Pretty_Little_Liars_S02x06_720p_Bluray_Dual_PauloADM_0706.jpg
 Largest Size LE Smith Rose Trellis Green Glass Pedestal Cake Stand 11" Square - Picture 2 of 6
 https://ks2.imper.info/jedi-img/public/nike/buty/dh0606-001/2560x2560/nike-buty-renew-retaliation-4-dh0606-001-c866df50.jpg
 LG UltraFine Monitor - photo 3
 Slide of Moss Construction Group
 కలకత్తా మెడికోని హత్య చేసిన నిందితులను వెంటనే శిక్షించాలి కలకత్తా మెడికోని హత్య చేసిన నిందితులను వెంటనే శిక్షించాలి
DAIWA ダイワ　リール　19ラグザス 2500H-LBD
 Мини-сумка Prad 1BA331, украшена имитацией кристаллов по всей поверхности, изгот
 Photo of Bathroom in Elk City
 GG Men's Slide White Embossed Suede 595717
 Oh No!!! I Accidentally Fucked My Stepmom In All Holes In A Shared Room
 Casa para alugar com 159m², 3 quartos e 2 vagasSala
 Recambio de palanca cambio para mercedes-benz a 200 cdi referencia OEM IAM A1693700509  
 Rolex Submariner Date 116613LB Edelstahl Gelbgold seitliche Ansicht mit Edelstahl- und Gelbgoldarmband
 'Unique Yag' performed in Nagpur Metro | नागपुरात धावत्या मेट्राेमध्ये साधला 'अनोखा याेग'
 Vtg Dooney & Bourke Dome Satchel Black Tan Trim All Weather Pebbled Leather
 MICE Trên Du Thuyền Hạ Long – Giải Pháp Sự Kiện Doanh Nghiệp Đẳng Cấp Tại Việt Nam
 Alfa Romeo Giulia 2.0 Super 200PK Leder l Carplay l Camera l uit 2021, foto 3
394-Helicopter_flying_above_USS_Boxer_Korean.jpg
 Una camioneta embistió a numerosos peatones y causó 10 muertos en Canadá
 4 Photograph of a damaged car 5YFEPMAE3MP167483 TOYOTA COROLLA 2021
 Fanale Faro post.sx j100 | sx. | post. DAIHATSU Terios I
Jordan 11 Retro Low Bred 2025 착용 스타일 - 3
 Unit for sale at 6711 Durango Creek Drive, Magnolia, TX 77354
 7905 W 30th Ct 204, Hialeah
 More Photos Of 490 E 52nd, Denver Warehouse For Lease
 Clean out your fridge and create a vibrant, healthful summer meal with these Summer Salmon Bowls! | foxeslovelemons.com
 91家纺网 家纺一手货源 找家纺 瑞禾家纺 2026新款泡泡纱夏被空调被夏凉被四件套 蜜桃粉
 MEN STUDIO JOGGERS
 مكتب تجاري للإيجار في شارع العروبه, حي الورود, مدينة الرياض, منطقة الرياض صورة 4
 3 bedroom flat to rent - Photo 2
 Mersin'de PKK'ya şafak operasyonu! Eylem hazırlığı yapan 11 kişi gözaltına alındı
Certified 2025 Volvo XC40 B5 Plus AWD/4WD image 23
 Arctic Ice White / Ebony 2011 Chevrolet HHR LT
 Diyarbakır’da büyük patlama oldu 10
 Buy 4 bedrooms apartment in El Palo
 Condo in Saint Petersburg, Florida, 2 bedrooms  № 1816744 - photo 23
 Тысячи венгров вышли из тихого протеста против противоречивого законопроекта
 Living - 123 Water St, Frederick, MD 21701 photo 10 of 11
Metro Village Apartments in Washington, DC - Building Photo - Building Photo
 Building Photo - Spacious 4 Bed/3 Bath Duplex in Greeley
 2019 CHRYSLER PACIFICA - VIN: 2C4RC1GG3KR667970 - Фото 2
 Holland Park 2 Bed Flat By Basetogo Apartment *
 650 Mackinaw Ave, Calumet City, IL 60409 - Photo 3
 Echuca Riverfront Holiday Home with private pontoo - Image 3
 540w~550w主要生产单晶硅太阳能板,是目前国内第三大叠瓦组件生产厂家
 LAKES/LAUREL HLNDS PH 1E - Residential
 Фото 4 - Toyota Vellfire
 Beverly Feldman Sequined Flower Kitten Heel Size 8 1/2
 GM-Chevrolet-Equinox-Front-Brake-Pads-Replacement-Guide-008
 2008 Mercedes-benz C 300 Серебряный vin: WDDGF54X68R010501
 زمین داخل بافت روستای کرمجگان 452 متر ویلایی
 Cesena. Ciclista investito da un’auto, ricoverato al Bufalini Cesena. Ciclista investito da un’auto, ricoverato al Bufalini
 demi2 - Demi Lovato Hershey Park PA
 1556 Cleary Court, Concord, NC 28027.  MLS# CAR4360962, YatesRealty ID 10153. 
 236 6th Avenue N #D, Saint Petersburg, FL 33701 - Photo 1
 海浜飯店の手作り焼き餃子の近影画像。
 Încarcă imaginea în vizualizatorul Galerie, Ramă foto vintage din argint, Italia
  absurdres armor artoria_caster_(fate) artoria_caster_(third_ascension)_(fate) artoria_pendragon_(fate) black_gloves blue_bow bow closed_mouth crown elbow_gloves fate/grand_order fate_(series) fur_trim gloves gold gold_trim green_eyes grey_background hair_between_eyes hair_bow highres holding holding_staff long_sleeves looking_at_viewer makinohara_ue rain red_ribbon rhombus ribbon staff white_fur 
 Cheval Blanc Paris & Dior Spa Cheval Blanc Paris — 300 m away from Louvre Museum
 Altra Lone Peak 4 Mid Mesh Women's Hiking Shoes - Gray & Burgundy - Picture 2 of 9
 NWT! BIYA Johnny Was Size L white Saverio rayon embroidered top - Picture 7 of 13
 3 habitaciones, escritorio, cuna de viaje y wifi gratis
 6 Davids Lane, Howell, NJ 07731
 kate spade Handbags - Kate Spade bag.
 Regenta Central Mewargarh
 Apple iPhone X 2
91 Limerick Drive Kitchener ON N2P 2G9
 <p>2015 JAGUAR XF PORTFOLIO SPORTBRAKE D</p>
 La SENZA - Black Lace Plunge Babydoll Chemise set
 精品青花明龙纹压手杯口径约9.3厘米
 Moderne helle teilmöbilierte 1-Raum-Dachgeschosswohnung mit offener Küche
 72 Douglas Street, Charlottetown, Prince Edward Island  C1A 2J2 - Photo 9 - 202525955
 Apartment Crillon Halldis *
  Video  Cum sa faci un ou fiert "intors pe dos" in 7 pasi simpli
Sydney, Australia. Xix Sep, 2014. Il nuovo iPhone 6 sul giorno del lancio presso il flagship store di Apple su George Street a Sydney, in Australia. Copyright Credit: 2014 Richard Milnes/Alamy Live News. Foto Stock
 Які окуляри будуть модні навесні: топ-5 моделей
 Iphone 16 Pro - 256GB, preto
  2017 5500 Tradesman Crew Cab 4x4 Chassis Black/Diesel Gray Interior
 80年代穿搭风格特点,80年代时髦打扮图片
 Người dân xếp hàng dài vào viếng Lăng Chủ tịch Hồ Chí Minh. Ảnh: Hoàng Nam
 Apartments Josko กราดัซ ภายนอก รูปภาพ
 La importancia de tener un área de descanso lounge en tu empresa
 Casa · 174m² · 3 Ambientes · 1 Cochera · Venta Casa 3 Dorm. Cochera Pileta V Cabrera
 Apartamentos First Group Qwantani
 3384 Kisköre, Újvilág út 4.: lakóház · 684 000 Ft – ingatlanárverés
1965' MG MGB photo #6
+ + + + +
**Task objective**
All lines above should be output verbatim.

**Task solution**
Pretty_Little_Liars_S02x06_720p_Bluray_Dual_PauloADM_0706.jpg
 Largest Size LE Smith Rose Trellis Green Glass Pedestal Cake Stand 11" Square - Picture 2 of 6
 https://ks2.imper.info/jedi-img/public/nike/buty/dh0606-001/2560x2560/nike-buty-renew-retaliation-4-dh0606-001-c866df50.jpg
 LG UltraFine Monitor - photo 3
 Slide of Moss Construction Group
 కలకత్తా మెడికోని హత్య చేసిన నిందితులను వెంటనే శిక్షించాలి కలకత్తా మెడికోని హత్య చేసిన నిందితులను వెంటనే శిక్షించాలి
DAIWA ダイワ　リール　19ラグザス 2500H-LBD
 Мини-сумка Prad 1BA331, украшена имитацией кристаллов по всей поверхности, изгот
 Photo of Bathroom in Elk City
 GG Men's Slide White Embossed Suede 595717
 Oh No!!! I Accidentally Fucked My Stepmom In All Holes In A Shared Room
 Casa para alugar com 159m², 3 quartos e 2 vagasSala
 Recambio de palanca cambio para mercedes-benz a 200 cdi referencia OEM IAM A1693700509  
 Rolex Submariner Date 116613LB Edelstahl Gelbgold seitliche Ansicht mit Edelstahl- und Gelbgoldarmband
 'Unique Yag' performed in Nagpur Metro | नागपुरात धावत्या मेट्राेमध्ये साधला 'अनोखा याेग'
 Vtg Dooney & Bourke Dome Satchel Black Tan Trim All Weather Pebbled Leather
 MICE Trên Du Thuyền Hạ Long – Giải Pháp Sự Kiện Doanh Nghiệp Đẳng Cấp Tại Việt Nam
 Alfa Romeo Giulia 2.0 Super 200PK Leder l Carplay l Camera l uit 2021, foto 3
394-Helicopter_flying_above_USS_Boxer_Korean.jpg
 Una camioneta embistió a numerosos peatones y causó 10 muertos en Canadá
 4 Photograph of a damaged car 5YFEPMAE3MP167483 TOYOTA COROLLA 2021
 Fanale Faro post.sx j100 | sx. | post. DAIHATSU Terios I
Jordan 11 Retro Low Bred 2025 착용 스타일 - 3
 Unit for sale at 6711 Durango Creek Drive, Magnolia, TX 77354
 7905 W 30th Ct 204, Hialeah
 More Photos Of 490 E 52nd, Denver Warehouse For Lease
 Clean out your fridge and create a vibrant, healthful summer meal with these Summer Salmon Bowls! | foxeslovelemons.com
 91家纺网 家纺一手货源 找家纺 瑞禾家纺 2026新款泡泡纱夏被空调被夏凉被四件套 蜜桃粉
 MEN STUDIO JOGGERS
 مكتب تجاري للإيجار في شارع العروبه, حي الورود, مدينة الرياض, منطقة الرياض صورة 4
 3 bedroom flat to rent - Photo 2
 Mersin'de PKK'ya şafak operasyonu! Eylem hazırlığı yapan 11 kişi gözaltına alındı
Certified 2025 Volvo XC40 B5 Plus AWD/4WD image 23
 Arctic Ice White / Ebony 2011 Chevrolet HHR LT
 Diyarbakır’da büyük patlama oldu 10
 Buy 4 bedrooms apartment in El Palo
 Condo in Saint Petersburg, Florida, 2 bedrooms  № 1816744 - photo 23
 Тысячи венгров вышли из тихого протеста против противоречивого законопроекта
 Living - 123 Water St, Frederick, MD 21701 photo 10 of 11
Metro Village Apartments in Washington, DC - Building Photo - Building Photo
 Building Photo - Spacious 4 Bed/3 Bath Duplex in Greeley
 2019 CHRYSLER PACIFICA - VIN: 2C4RC1GG3KR667970 - Фото 2
 Holland Park 2 Bed Flat By Basetogo Apartment *
 650 Mackinaw Ave, Calumet City, IL 60409 - Photo 3
 Echuca Riverfront Holiday Home with private pontoo - Image 3
 540w~550w主要生产单晶硅太阳能板,是目前国内第三大叠瓦组件生产厂家
 LAKES/LAUREL HLNDS PH 1E - Residential
 Фото 4 - Toyota Vellfire
 Beverly Feldman Sequined Flower Kitten Heel Size 8 1/2
 GM-Chevrolet-Equinox-Front-Brake-Pads-Replacement-Guide-008
 2008 Mercedes-benz C 300 Серебряный vin: WDDGF54X68R010501
 زمین داخل بافت روستای کرمجگان 452 متر ویلایی
 Cesena. Ciclista investito da un’auto, ricoverato al Bufalini Cesena. Ciclista investito da un’auto, ricoverato al Bufalini
 demi2 - Demi Lovato Hershey Park PA
 1556 Cleary Court, Concord, NC 28027.  MLS# CAR4360962, YatesRealty ID 10153. 
 236 6th Avenue N #D, Saint Petersburg, FL 33701 - Photo 1
 海浜飯店の手作り焼き餃子の近影画像。
 Încarcă imaginea în vizualizatorul Galerie, Ramă foto vintage din argint, Italia
  absurdres armor artoria_caster_(fate) artoria_caster_(third_ascension)_(fate) artoria_pendragon_(fate) black_gloves blue_bow bow closed_mouth crown elbow_gloves fate/grand_order fate_(series) fur_trim gloves gold gold_trim green_eyes grey_background hair_between_eyes hair_bow highres holding holding_staff long_sleeves looking_at_viewer makinohara_ue rain red_ribbon rhombus ribbon staff white_fur 
 Cheval Blanc Paris & Dior Spa Cheval Blanc Paris — 300 m away from Louvre Museum
 Altra Lone Peak 4 Mid Mesh Women's Hiking Shoes - Gray & Burgundy - Picture 2 of 9
 NWT! BIYA Johnny Was Size L white Saverio rayon embroidered top - Picture 7 of 13
 3 habitaciones, escritorio, cuna de viaje y wifi gratis
 6 Davids Lane, Howell, NJ 07731
 kate spade Handbags - Kate Spade bag.
 Regenta Central Mewargarh
 Apple iPhone X 2
91 Limerick Drive Kitchener ON N2P 2G9
 <p>2015 JAGUAR XF PORTFOLIO SPORTBRAKE D</p>
 La SENZA - Black Lace Plunge Babydoll Chemise set
 精品青花明龙纹压手杯口径约9.3厘米
 Moderne helle teilmöbilierte 1-Raum-Dachgeschosswohnung mit offener Küche
 72 Douglas Street, Charlottetown, Prince Edward Island  C1A 2J2 - Photo 9 - 202525955
 Apartment Crillon Halldis *
  Video  Cum sa faci un ou fiert "intors pe dos" in 7 pasi simpli
Sydney, Australia. Xix Sep, 2014. Il nuovo iPhone 6 sul giorno del lancio presso il flagship store di Apple su George Street a Sydney, in Australia. Copyright Credit: 2014 Richard Milnes/Alamy Live News. Foto Stock
 Які окуляри будуть модні навесні: топ-5 моделей
 Iphone 16 Pro - 256GB, preto
  2017 5500 Tradesman Crew Cab 4x4 Chassis Black/Diesel Gray Interior
 80年代穿搭风格特点,80年代时髦打扮图片
 Người dân xếp hàng dài vào viếng Lăng Chủ tịch Hồ Chí Minh. Ảnh: Hoàng Nam
 Apartments Josko กราดัซ ภายนอก รูปภาพ
 La importancia de tener un área de descanso lounge en tu empresa
 Casa · 174m² · 3 Ambientes · 1 Cochera · Venta Casa 3 Dorm. Cochera Pileta V Cabrera
 Apartamentos First Group Qwantani
 3384 Kisköre, Újvilág út 4.: lakóház · 684 000 Ft – ingatlanárverés
1965' MG MGB photo #6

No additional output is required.